Respiratory viral infections, such as influenza, are recognized as an independent risk factor for co-infection with Aspergillus, which wis associated with a high mortality rate in critically ill patients admitted to the ICU. Positive (1,3)-β-D-glucan and galactomannan serum antigens in the critical group were more common than those in the severe group. However, Aspergillus was not identified in any specimens by culturing, which might be due to the frequent use of antifungal prophylaxis in these patients. However, the positive rate of fungal antigenemia was high, indicating that fungal co-infection among critically ill patients with COVID-19 should not be ignored [21]. Further studies on fungal co-infection need to address a more rapid serological assay or antifungal prophylaxis among critically ill patients with COVID-19.

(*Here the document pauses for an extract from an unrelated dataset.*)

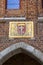 15th century Mariacka Gate by the river Motlawa, arms on the facade, Gdansk, Poland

Limitations of our study include a small sample size in a single study center. Our retrospective design also brought biases into the sample collection and comparisons. For example, some patients received multiple RT-PCR assays but other patients received culture analysis. Additionally, we did not have the results for the antimicrobial resistance patterns. More investigations should be performed to further study the co-infections and antimicrobial resistance patterns in COVID-19 patients.

We demonstrated a high frequency of respiratory bacterial and fungal co-infections in critically ill COVID-19 patients admitted to the ICU. These co-infections could be detected by culture from sputum and BAL samples, multiple RT-PCT from the sputum or nasopharyngeal swab samples, or serological fungal antigen tests. Careful examinations and necessary tests should be performed to exclude co-infections in order to appropriately treat critically ill ICU COVID-19 patients.

Funding

This study was supported by the Beijing Municipal Science and Technology Commission (Z201100005420012), Beijing Municipal Administration of Hospital Clinical Medicine Development of Special Funding Support (ZYLX201802), and the Beijing Traditional Chinese Medicine Technology Development Fund Project (YJ2020-01).

Access to data

Not available.

Contributions

YSY and LJY performed all conception and design of the study. YSY and LXZ performed the experiments. PL and XP contributed clinical samples and clinical data collection. HMX and DCJ analyzed the data. LJY and WLH wrote the manuscript. All authors reviewed the manuscript.

Declaration of competing interest

All authors declare that they have no conflicts of interest.

Acknowledgements

We would like to thank the frontline medical providers at Beijing Ditan Hospital for their bravery and efforts in the prevention and control of SARS-CoV-2.